Fabiano Rosas Thu, 02 Jan 2025 14:48:48 -0800

Peter Xu <pet...@redhat.com> writes:

> On Thu, Jan 02, 2025 at 03:58:31PM -0300, Fabiano Rosas wrote:
>> The analyze-migration script was seen failing in s390x in misterious
>> ways. It seems we're reaching the subsection constructor without any
>
> It might be a good idea to add some debug lines indeed. Though are you sure
> it's from parsing a subsection?


Ah, indeed it's not always a subsection. So I need to go back to the
code and do more auditing, we might have a wrong struct macro somewhere.

>
> https://lore.kernel.org/all/20241219123213.GA692742@fedora/
>
> ====8<====
> stderr:
> Traceback (most recent call last):
>   File 
> "/home/gitlab-runner/builds/4S3awx_3/0/qemu-project/qemu/build/scripts/analyze-migration.py",
>  line 688, in <module>
>     dump.read(dump_memory = args.memory)
>   File 
> "/home/gitlab-runner/builds/4S3awx_3/0/qemu-project/qemu/build/scripts/analyze-migration.py",
>  line 625, in read
>     section.read()
>   File 
> "/home/gitlab-runner/builds/4S3awx_3/0/qemu-project/qemu/build/scripts/analyze-migration.py",
>  line 461, in read
>     field['data'] = reader(field, self.file)
>   File 
> "/home/gitlab-runner/builds/4S3awx_3/0/qemu-project/qemu/build/scripts/analyze-migration.py",
>  line 434, in __init__
>     for field in self.desc['struct']['fields']:
> KeyError: 'fields'
> ====8<====
>
> It reads to me that it's not in "if 'subsections' in self.desc['struct']"
> loop yet, instead it looks like a real STRUCT field in one of the device
> sections?  If that's true, then...
>
>> fields, which would indicate an empty .subsection entry in the vmstate
>> definition. We don't have any of those, at least not without the
>> unmigratable flag set, so this should never happen.
>> 
>> Add some debug statements so that we can see what's going on the next
>> time the issue happens.
>> 
>> Signed-off-by: Fabiano Rosas <faro...@suse.de>
>> ---
>>  scripts/analyze-migration.py | 33 +++++++++++++++++++++++++++------
>>  1 file changed, 27 insertions(+), 6 deletions(-)
>> 
>> diff --git a/scripts/analyze-migration.py b/scripts/analyze-migration.py
>> index 8a254a5b6a..1dd98f1d5a 100755
>> --- a/scripts/analyze-migration.py
>> +++ b/scripts/analyze-migration.py
>> @@ -429,6 +429,10 @@ def __init__(self, desc, file):
>>          super(VMSDFieldStruct, self).__init__(desc, file)
>>          self.data = collections.OrderedDict()
>>  
>> +        if 'fields' not in self.desc['struct']:
>> +            raise Exception("No fields in subsection key=%s name=%s" %
>> +                            (self.section_key, self.vmsd_name))
>
> ... this self.section_key / self.vmsd_name may not exist..

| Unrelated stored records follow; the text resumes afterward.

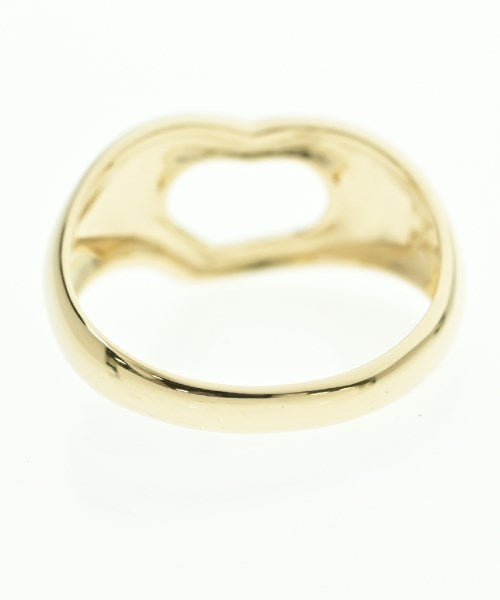 TIFFANY & CO. แหวน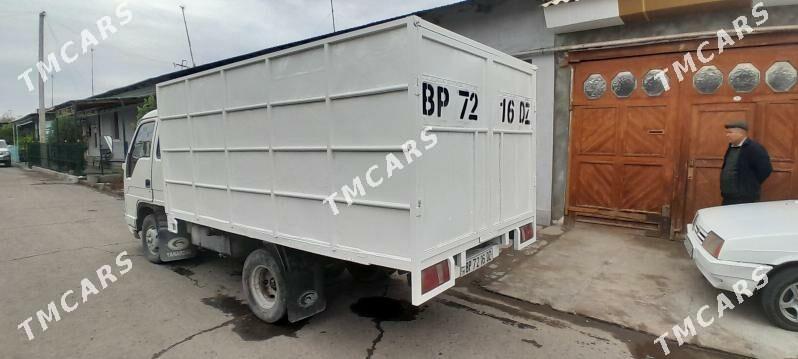 Forland H2 2008 - 64 000 TMT - Дашогуз - img 3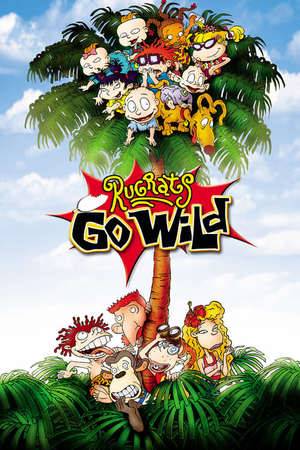 Poster: Rugrats auf Achse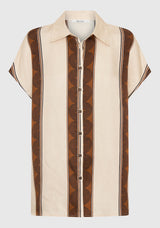 Morrison Harriet Shirt, Print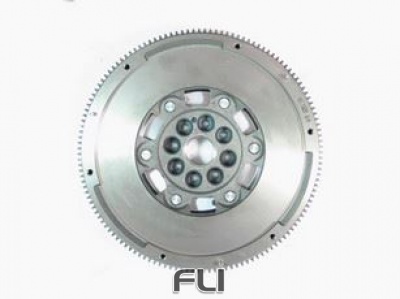 Dual Mass Flywheel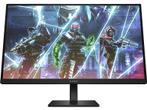 Hp - Full HD Gaming Monitor - 27 inch, Gaming, Hp, IPS, Verzenden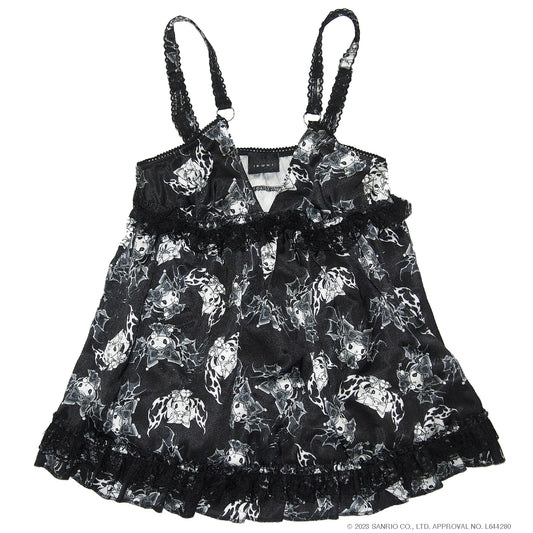 KUROMI×IKUMI CAMISOLE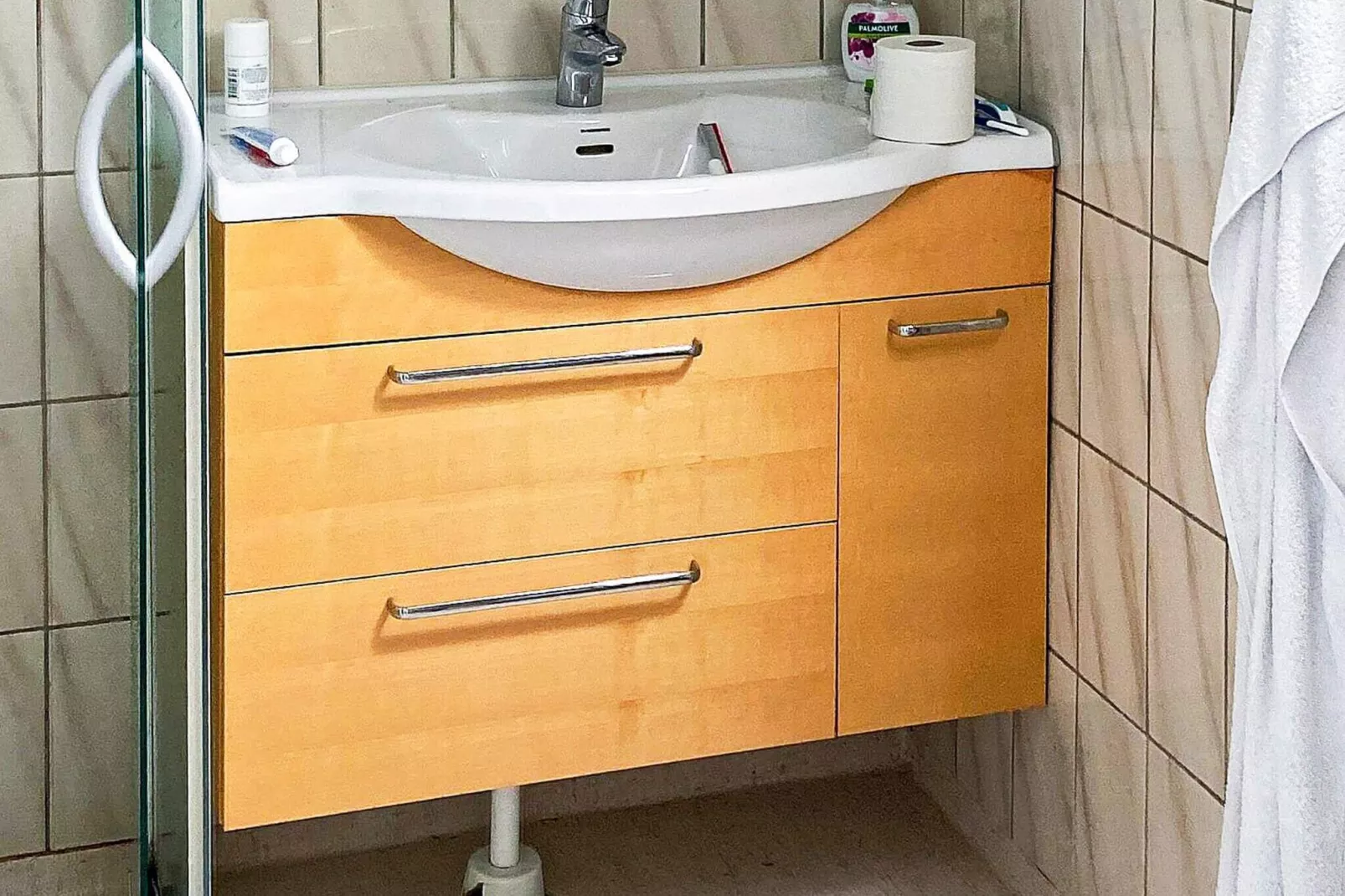 4 persoons vakantie huis in Kalvehave-By Traum-Binnen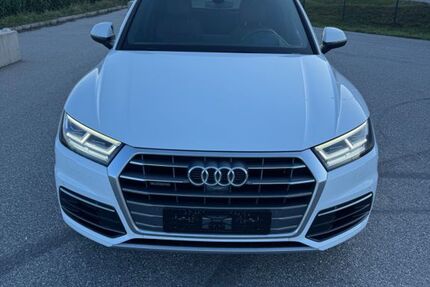 Audi Q5 97.000 km 21.999 &euro; Dingolfing 84130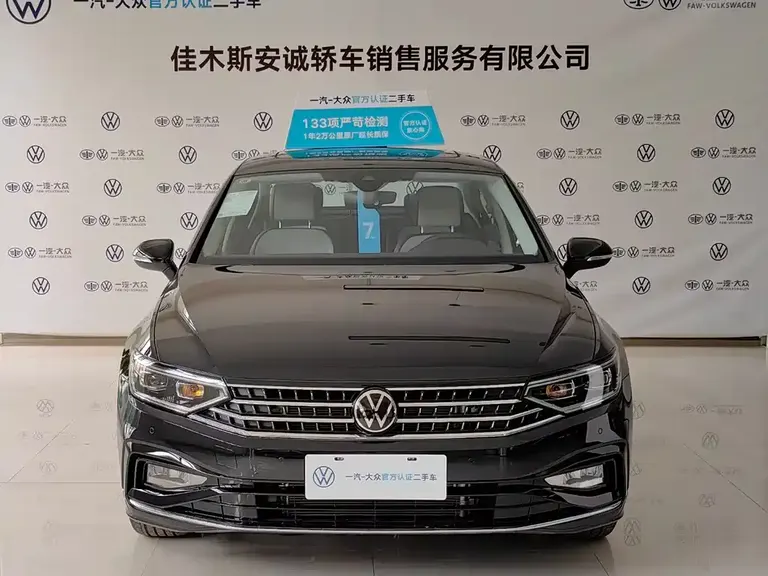 Volkswagen Magotan 200 10 K Public Enjoyment 330 TSI DSG Luxury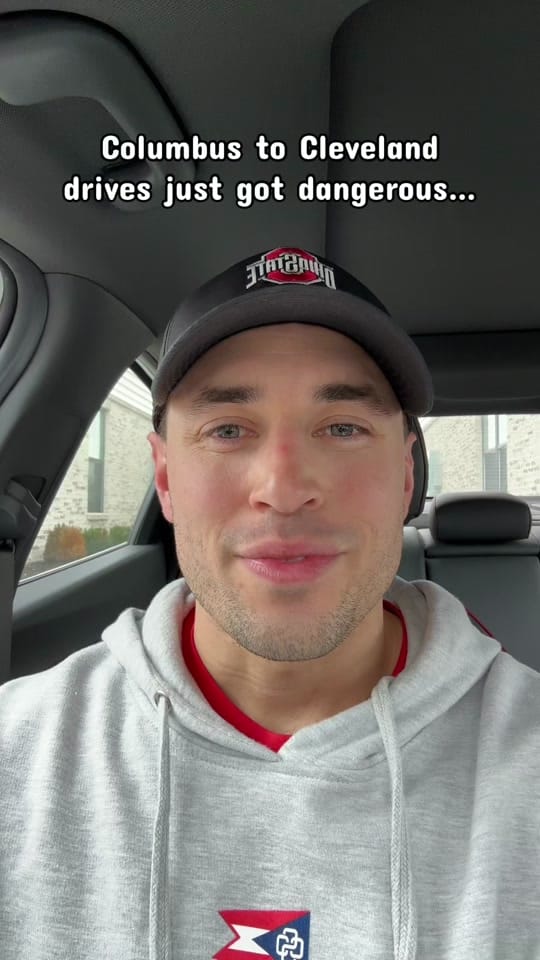Post 6 by Mitchell Bienvenue on TikTok (video)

Right, so there's no information we can get at this point I think. But
raising will still trigger the dump later on.

>
> In all cases, IMHO this would be better the debug lines work with both pure
> structs and sections.

Yeah, I need to change that to something generic.

>
>> +
>>          # When we see compressed array elements, unfold them here
>>          new_fields = []
>>          for field in self.desc['struct']['fields']:
>> @@ -477,6 +481,11 @@ def read(self):
>>                      raise Exception("Subsection %s not found at offset %x" 
>> % ( subsection['vmsd_name'], self.file.tell()))
>>                  name = self.file.readstr()
>>                  version_id = self.file.read32()
>> +
>> +                if not subsection:
>> +                    raise Exception("Empty description for subsection %s" %
>> +                                    name)
>
> This is checking subsection==None??  I doubt whether this will hit..

Well, there could be a None in the list of subsections somehow, no?

>
>> +
>>                  self.data[name] = VMSDSection(self.file, version_id, 
>> subsection, (name, 0))
>>                  self.data[name].read()
>>  
>> @@ -575,9 +584,8 @@ def __init__(self, filename):
>>          self.filename = filename
>>          self.vmsd_desc = None
>>  
>> -    def read(self, desc_only = False, dump_memory = False, write_memory = 
>> False):
>> -        # Read in the whole file
>> -        file = MigrationFile(self.filename)
>> +    def _read(self, file, vmsd_json, desc_only = False, dump_memory = False,
>> +              write_memory = False):
>>  
>>          # File magic
>>          data = file.read32()
>> @@ -589,7 +597,7 @@ def read(self, desc_only = False, dump_memory = False, 
>> write_memory = False):
>>          if data != self.QEMU_VM_FILE_VERSION:
>>              raise Exception("Invalid version number %d" % data)
>>  
>> -        self.load_vmsd_json(file)
>> +        self.load_vmsd_json(file, vmsd_json)
>>  
>>          # Read sections
>>          self.sections = collections.OrderedDict()
>> @@ -632,12 +640,25 @@ def read(self, desc_only = False, dump_memory = False, 
>> write_memory = False):
>>                      raise Exception("Mismatched section footer: %x vs %x" % 
>> (read_section_id, section_id))
>>              else:
>>                  raise Exception("Unknown section type: %d" % section_type)
>> -        file.close()
>>  
>> -    def load_vmsd_json(self, file):
>> +    def read(self, desc_only = False, dump_memory = False,
>> +             write_memory = False):
>> +        file = MigrationFile(self.filename)
>>          vmsd_json = file.read_migration_debug_json()
>> +
>> +        try:
>> +            self._read(file, vmsd_json, desc_only, dump_memory, 
>> write_memory)
>> +        except:
>> +            raise Exception("Full JSON dump:\n%s", vmsd_json)
>
> Better dump the Exception line itself too? IIUC that needs things like:
>
>   except Exception as e:
>       raise Exception(XXX, e, vmsd_json)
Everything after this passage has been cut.